I've already stated my opinion that the "tough guy" image of Nicolas Sarkozy could become a provocation for countless individuals in France, with nothing to win or lose, who would simply wish to stir up trouble in the streets. For many years, these people have been referred to by a vague generic term: the casseurs (literally, the "smashers"). They're well-organized. Often, they assemble on the fringe of authentic political demonstrations and go into action when everybody, including the police, is least expecting it. There's no sense in hiding the fact that these individuals exist, and that they see Nicolas Sarkozy almost as a sporting opponent, whom they're "out to get". As depicted in the following graffiti in a nearby village, Sarko is often relegated (unjustly, it must be said) to the role of a diabolical Fascist:
This morning, Ségolène Royal stated that Nicolas Sarkozy is "a risk" for France.
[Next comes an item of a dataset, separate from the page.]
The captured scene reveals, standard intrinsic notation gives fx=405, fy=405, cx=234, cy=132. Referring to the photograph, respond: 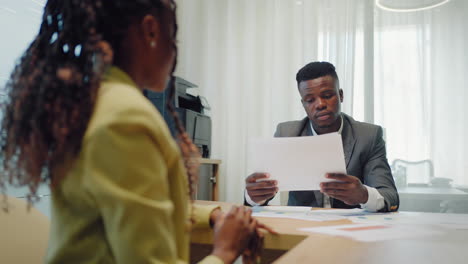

She refers to her opponent as "the candidate of the hard right-wing", and warns that, if Sarkozy were victorious next Sunday, "there will be very strong tensions throughout the country". She added that Sarkozy's bid for power was "dangerous in terms of a concentration of power, of brutality, of lies".
The former Socialist prime minister Lionel Jospin has been equally explicit on the question of Sarkozy. He denounced "the violence of some of his words, his tendency towards demagogy and clientélisme (patronage), and the impression he gives of being constantly in overdrive".
There's no guaranty, of course, that "smashers" would be more conciliatory with Ségolène Royal, if she were elected. After all, she has been quite outspoken on youthful delinquency, and has even evoked the strange idea of calling upon the army to force some civic common-sense into the behavior of offenders. The big difference between Ségo and Sarko is that the lady is not generally looked upon explicitly as a symbol of provocation.